Balance to powers between president and prime minister

Case of Pakistan

Sinha M A Sayeed

Constitution (Seventeenth Amendment) Act, 2003 of the Constitution of Pakistan is seen as landmark formula for striking balance of powers between President and Prime Minister.

It is a recoded fact that Pakistan began its journey as an independent domination with the British constitutional monarch as head of state represented by a Governor General of Pakistan until its Constituent Assembly, after long nine years of exercises, adopted a parliamentary democracy with a President as head of state in the constitution of 1956; this constitution was not a reflection or copy of Westminster model, rather a combination of a number models including those of South Africa, USA, Canada. President was made a ceremonial head of state largely in line with the concept of British constitutional monarch and his power to dismiss the Prime Minister followed by the dissolution of Parliament (National Assembly in Pakistan context) was also made subject to the advice of Prime Minister.

But before its official putting into operation in 1958 martial law was declared and General Ayub Khan, then Chief of the Army, took over. A new constitution was framed in1962 mainly modeled on that of the United States of America, and continued until the institution of a parliamentary system in 1973 under the direct supervision of ZA Bhutto, the person who romantically coined the concept of 'two majority party' in the context of post 1970 elections to National and Provincial Assemblies of Pakistan that also played a role in the bifurcation of Pakistan.
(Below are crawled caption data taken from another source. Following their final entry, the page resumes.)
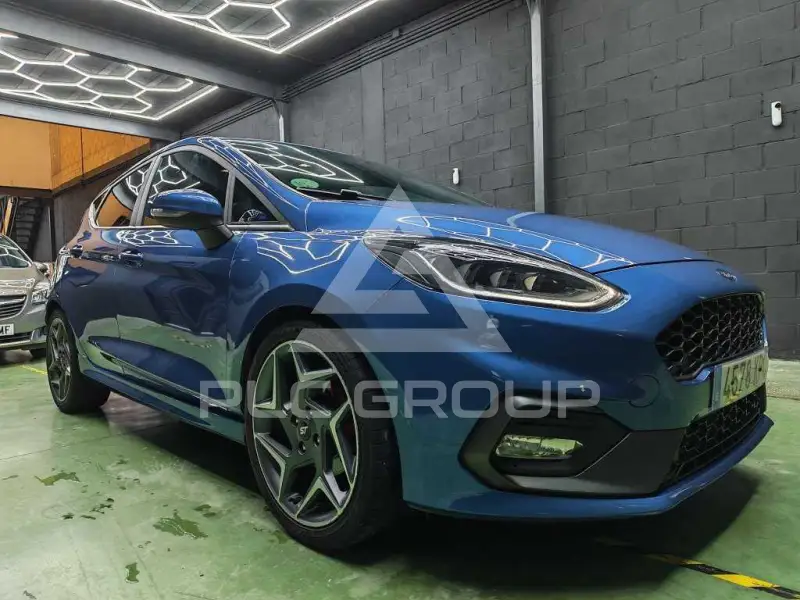 2018 Ford FIESTA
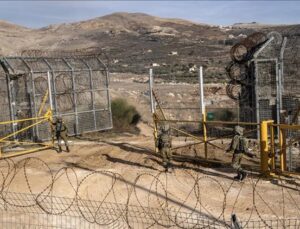 İsrail’in Golan Tepeleri’nde Yeni Askeri Eğitim Kampı Kurması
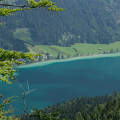 Weissensee, Ausztria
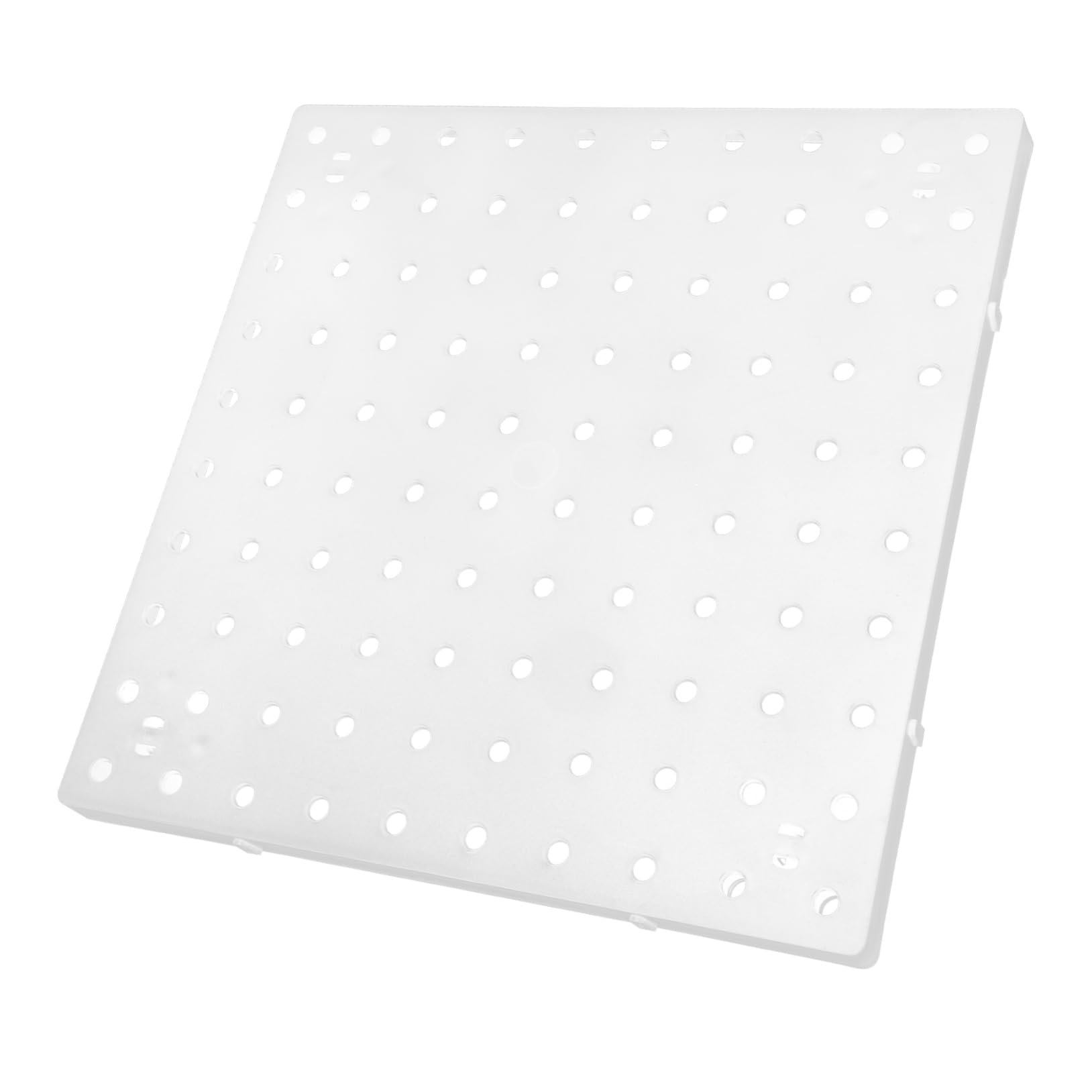 OUNONA Versatile Wall Pegboard Garage Tool Organizer Home Storage System Workbench Utility Modern Minimalist Decor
ZA Bhutto, then President of Pakistan, won the plurality in the Parliament and became Prime Minister of truncated Pakistan. This constitution did not create a balance of powers between President and Prime Minister and it was again put in abeyance by the 3rd martial law by the Army Chief General Zia-ul-Haq in 1977, and continued until his death in a plane crush in 1988. Election to the National Assembly, as promised by Zia-ul-Haq in 1985, after the referendum held in April 1985, took place in October, 1985 and Md Junejo became Prime Minister and then Pakistan National Assembly, to give validation to the functions of the martial law regime of General Zia-ul-Haq, passed the Constitution (Eight Amendment) Act, 1985 and two of the leading aspects of the amendment were:

a. It formalised the President's order No 14 of 1985 which revived the constitution of 1973 that contained a parliamentary system.
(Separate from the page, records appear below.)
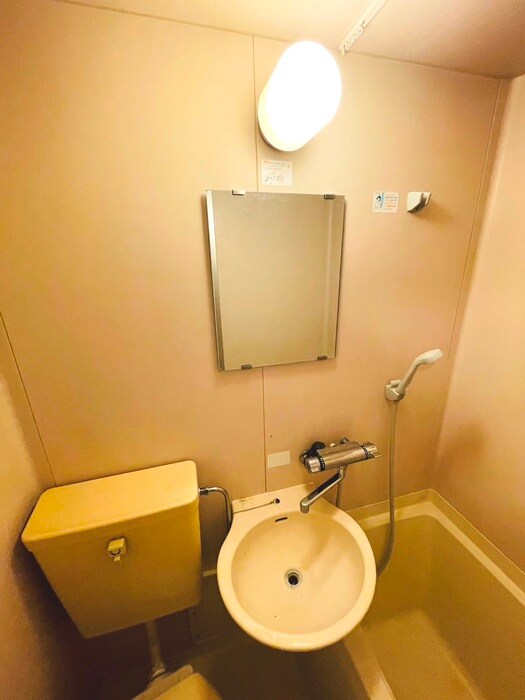 物件内観写真21　(洗面)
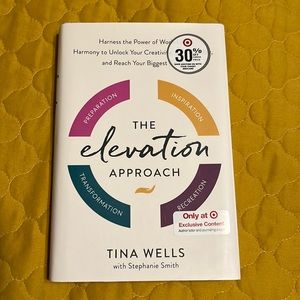 The Elevation Approach Book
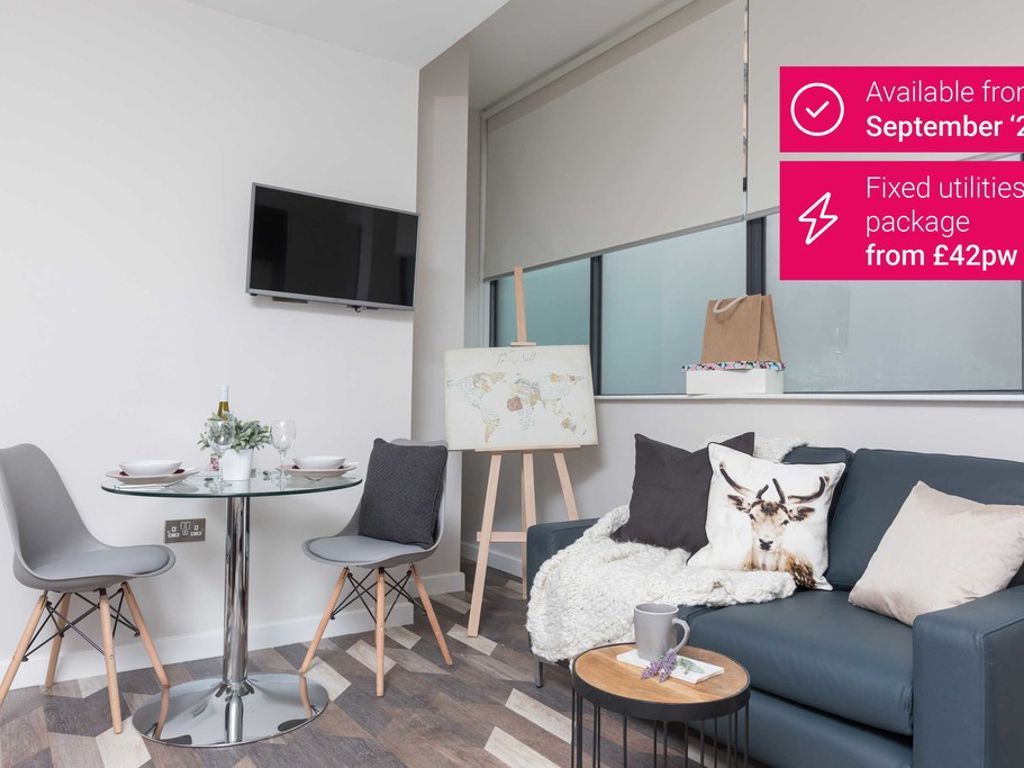 1 bed flat to rent in Granby Row, Manchester M1, £1,075 pcm Zoopla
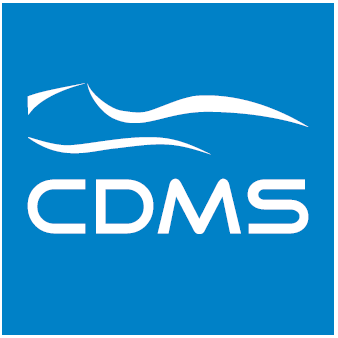 Logo of Chengdu Motor Show (CDMS) 2024
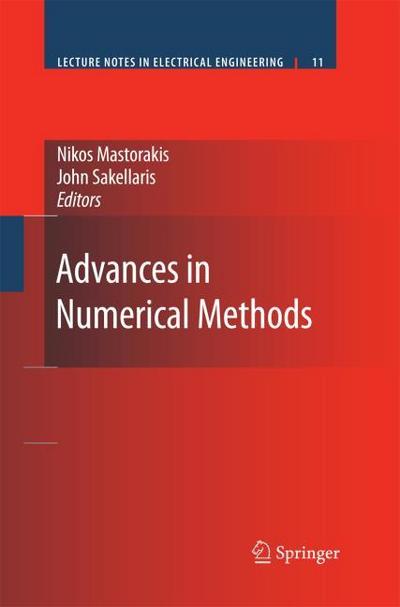 Advances in Numerical Methods
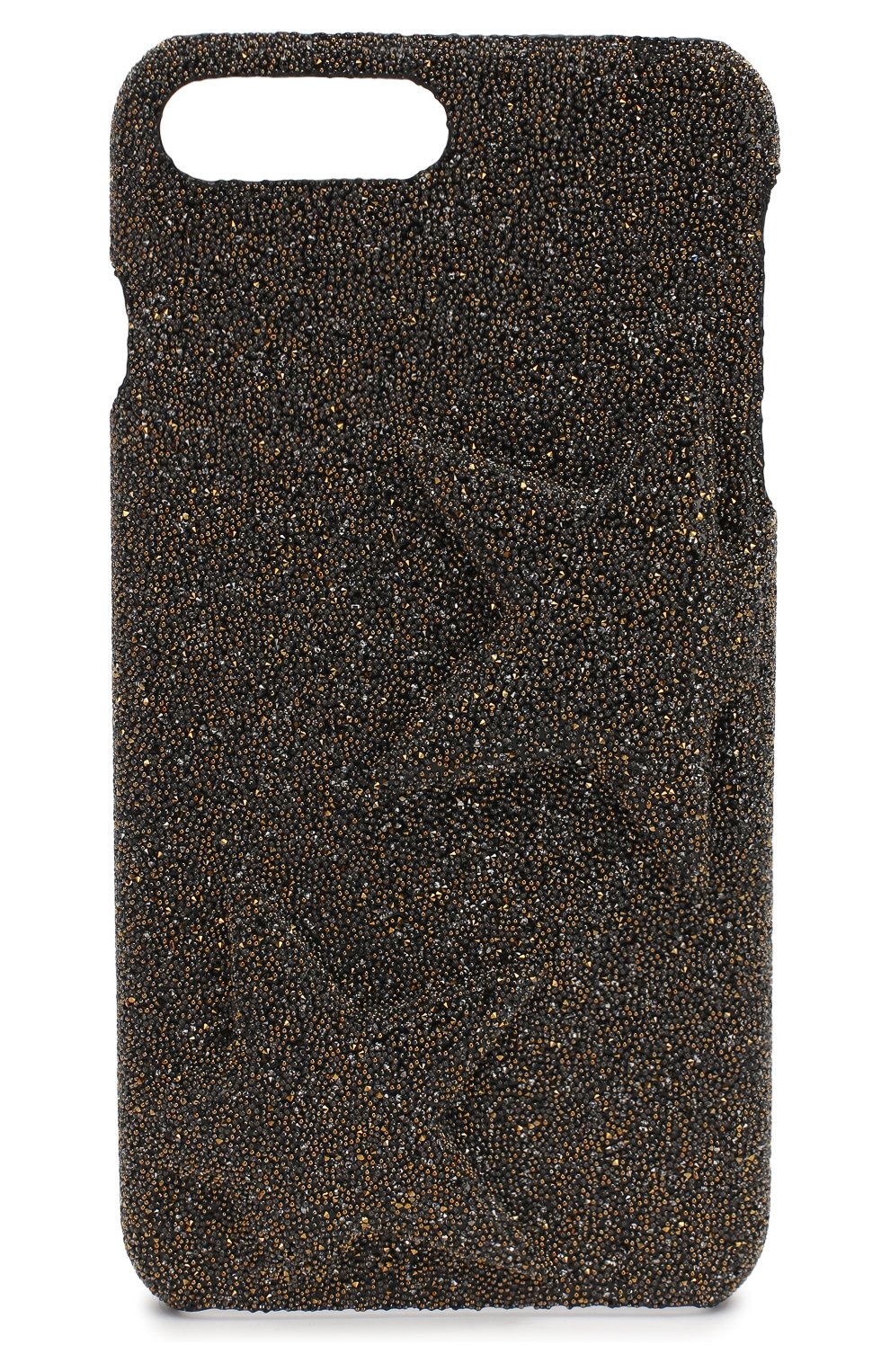 Мужской чехол для iphone 7 plus/8 plus 2MESTYLE золотого цвета, арт. DD784 | Фото 1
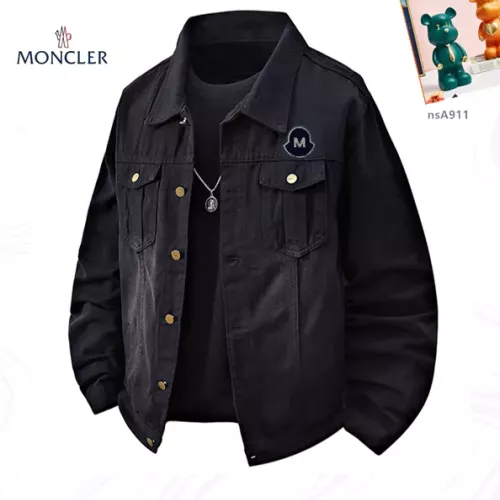 Replica Moncler Jackets Long Sleeved For Men #1358387, $60.00 USD, [ITEM#1358387], Replica Moncler Jackets outlet from China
b. It struck a so-called balance of powers between President and Prime Minister by adding, under the head 'reserve power', a new sub-clause (b) to clause 2 of Article 58 in the constitution as follows:

Notwithstanding anything contained in clause (2) of Article 48, the President may also dissolve the National Assembly in his discretion where, in his opinion, a situation has arisen in which the Government of the Federation cannot be carried on in accordance with the provisions of the constitution and an appeal to the electorate is necessary.

With this provision, administration took a shape of semi-presidential system.

It is really interesting to see that Junejo government became the first victim of the article 582(b) because, on charges of mal-administration, corruption etc, President Zia-ul-Haq dismissed him followed by the dissolution of National Assembly in 1987. Golam Ishaq Khan, Chairman of the Senate, after the sudden death of Zia-ul-Haq, became President and elections to the PNA were, as scheduled during Zia's time, held in 1988. Benazir Bhutto, leader of the Pakistan People's Party and daughter of ZA Bhutto, became Prime Minister who also met with the same fate of Junejo of being dismissed within two years in 1990. Benazir was defeated in the election of 1990 and Newaz Sharif became Prime Minister and met with the dismissal followed by dissolution of Parliament in 1993. Benazir Bhutto again became Prime Minister after elections in 1993 and she was also dismissed in 1996. Then in the elections of 1997 Newaz Sharif became Prime Minister for a second time. Then, in 1997, National Assembly passed the Constitution (Thirteenth Amendment) Act, 1997 that also omitted sub-clause (b) in clause 2 in Article 58.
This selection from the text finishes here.